Our project consists of two linked symposia which will bring together scholars, students, and community leaders from the US, UK, and Canada to address this question: How can multi-ethnic communities identify solutions to contemporary challenges caused by racial, economic, and educational inequities by learning about the experiences of historical and contemporary activists engaged in transatlantic social justice campaigns? The first will take place in Birmingham, England, in June 2020; and the second is scheduled here in Athens in November 2020. Each event, free and open to the public, will feature scholars and students conducting research on southern and African Diasporic activists, as well as leaders of community groups involved in social justice issues, who will share their insights about global intersections and local initiatives. In addition, as a pedagogical component, Professor McCaskill will work with graduate students in her Spring Semester 2018 ENGL 8770 seminar to conduct research and create a digital storymap about the black educator and abolitionist Ellen Garrison Jackson (1823-c. 1890). The digital site will focus on Jackson’s instruction of freedpeople in Port Deposit, Maryland, and her activism against Jim Crow cars in collaboration with colleagues in the Union Army and Freedmen’s Bureau. This research will serve the Robbins House African American Museum in Concord, Massachusetts, and also involves undergraduate researchers led by Professor Katie Simon of Georgia College and Professor Sandra Petrulionis of Penn State Altoona.

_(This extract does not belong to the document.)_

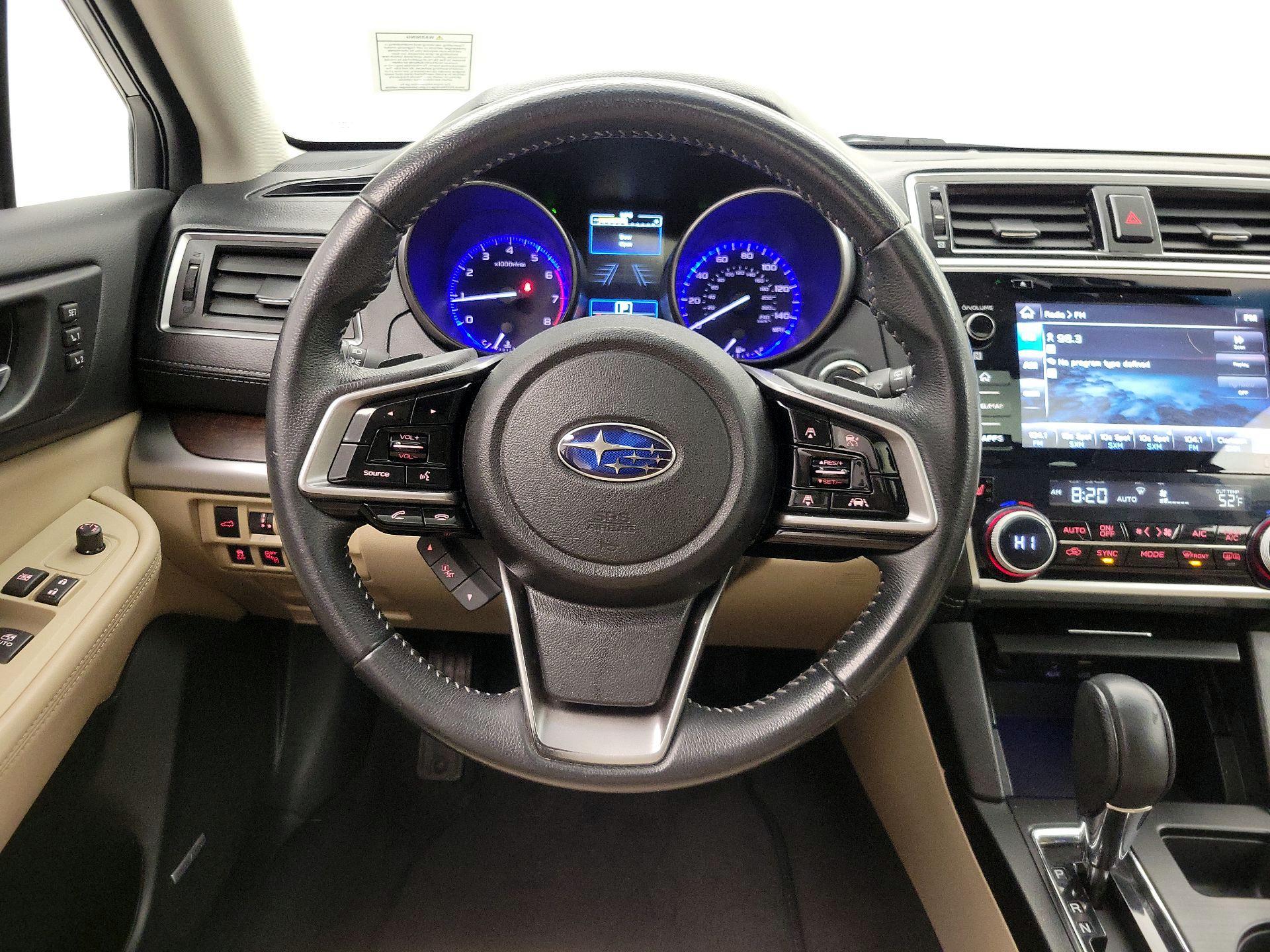 Thumbnail: 2018 Subaru Outback - 10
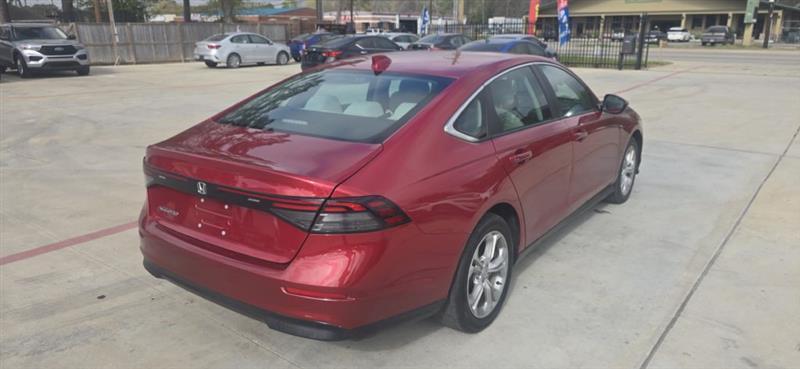 Honda Accord LX 2023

These symposia and digital mapping projects square with the Global Studies of the American South theme because they examine the imprint of black activism in the US and the UK, past and present. They have been inspired by McCaskill and Serafini’s research with the Rev. Paul Walker on the former slave, educator, and activist Rev. Peter Thomas Stanford (c. 1860-May 20, 1909), for a forthcoming biographical edition of Stanford’s writings from the University of Georgia Press. In honor of Stanford, the Birmingham symposium with take place at Highgate Baptist Church in England, formerly Hope Chapel, where Rev. Stanford, Birmingham’s first black minister, once spearheaded an international anti-lynching campiagn during the nineteenth century. Rev. Paul Walker is the current pastor.